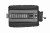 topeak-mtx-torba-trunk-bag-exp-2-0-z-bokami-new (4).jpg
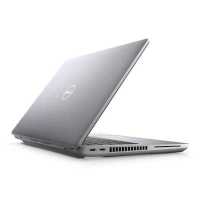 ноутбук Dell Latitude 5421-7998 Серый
::::::::::
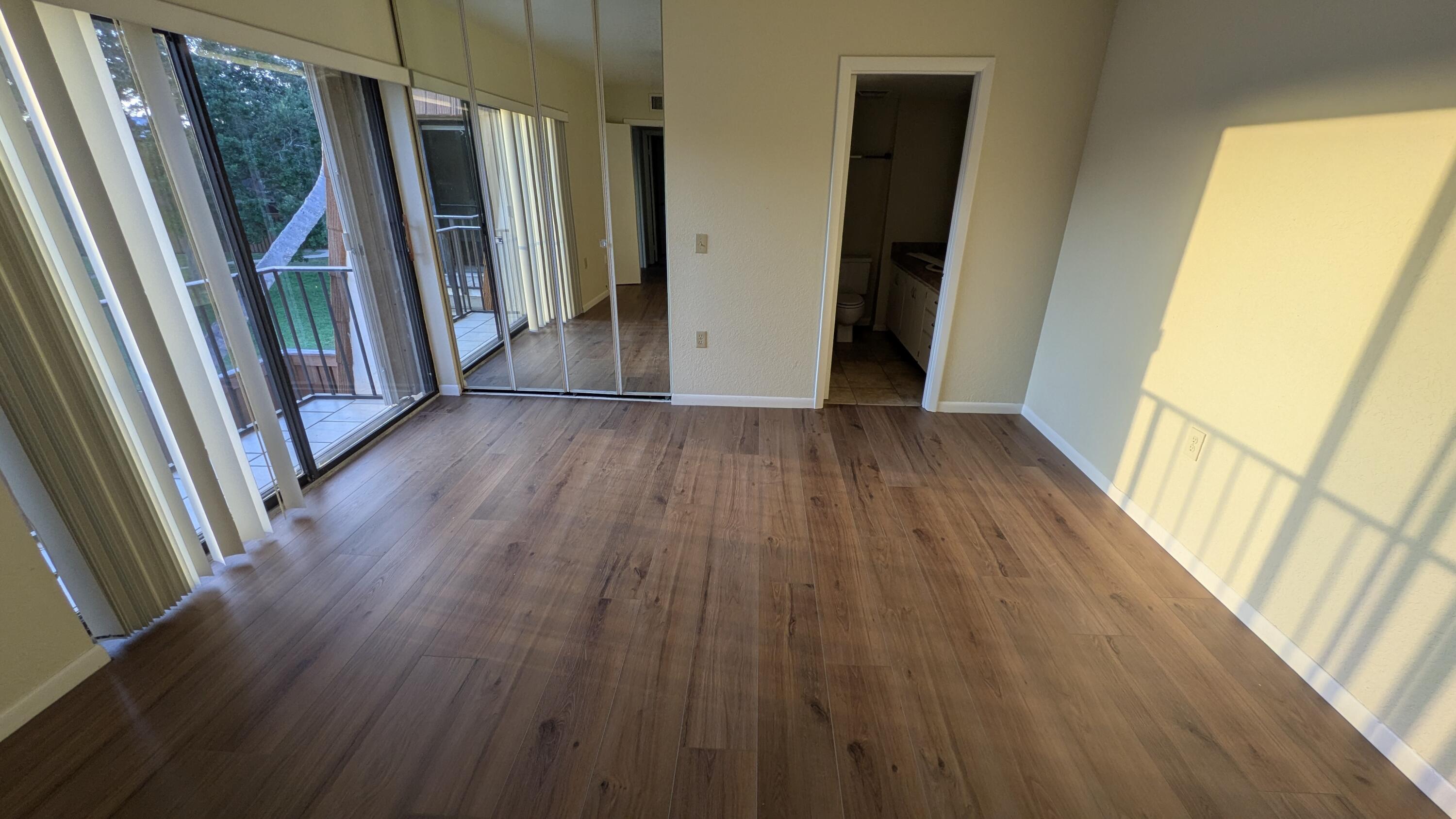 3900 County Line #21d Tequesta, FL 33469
::::::::::
== Task to carry out ==
In the listing above, find the line containing "topeak-mtx-torba-trunk-bag-exp-2-0-z-bokami-new (4).jpg" and the line containing "ноутбук Dell Latitude 5421-7998 Серый", then output those two lines and everything between them exactly as written, without the images.

== Written reply ==
 topeak-mtx-torba-trunk-bag-exp-2-0-z-bokami-new (4).jpg
 ноутбук Dell Latitude 5421-7998 Серый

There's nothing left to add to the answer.